The BYD is taller to offset the battery, making the size misleading. However, the golf is not particularly a particularly good or space efficient car - others will do better at similar or lower weight.

250kg seems like a fair minimum weight increase, roughly 20%. The larger the car, the larger the gap though, as the rocket equation catches up - see a Skoda Octavia vs. a Polestar 2.

EVs are still way more efficient, but that doesn't mean we should turn our blind eye to making an already bad tire problem worse.

1 comments

Higher trim Dolphin has 150kW motor and weights 1658 kg. VW Golf with 150 kW (204 PS) engine weights 1492 kg empty. I see only 10% difference.
Same tier EVs are always more powerful than gasoline cars as they are generally just battery limited, not motor limited.

EVs are just a better tech in that regard, and buyers are not buying a Dolphin or golf based on torque or max HP. They're compacts in the same space. Someone looking at a dolphin would more likely be looking at the lighter eco motors.

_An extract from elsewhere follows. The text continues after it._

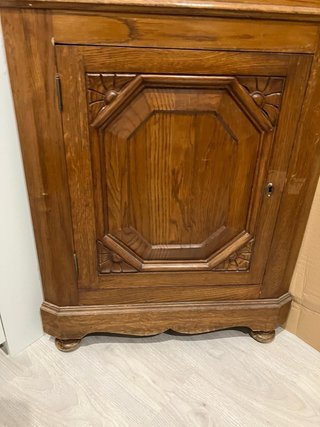 Mueble esquinero de madera con cristal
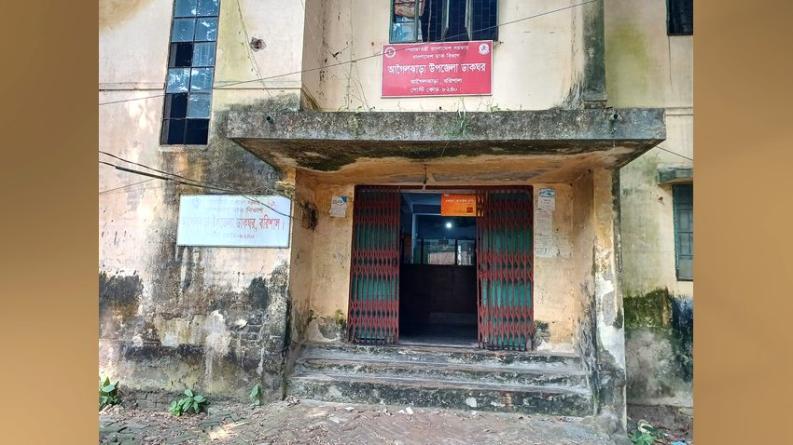 আগৈলঝাড়া পোস্ট অফিসে ১২ দিন ধরে বন্ধ টাকা জমা-উত্তোলন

This is true in other tiers too, e.g. a performance tier gasoline car might be 250-350 HP, while the same tier EV might start at 450-550hp just because they can.

The difference within a tier, simply based on the fact you're replacing at best a lightweight 100kg engine with 400-500kg worth of battery, can't be as small as you suggest.

With larger EVs, the battery weight is much greater, increasing the impact. Rocket equation and all.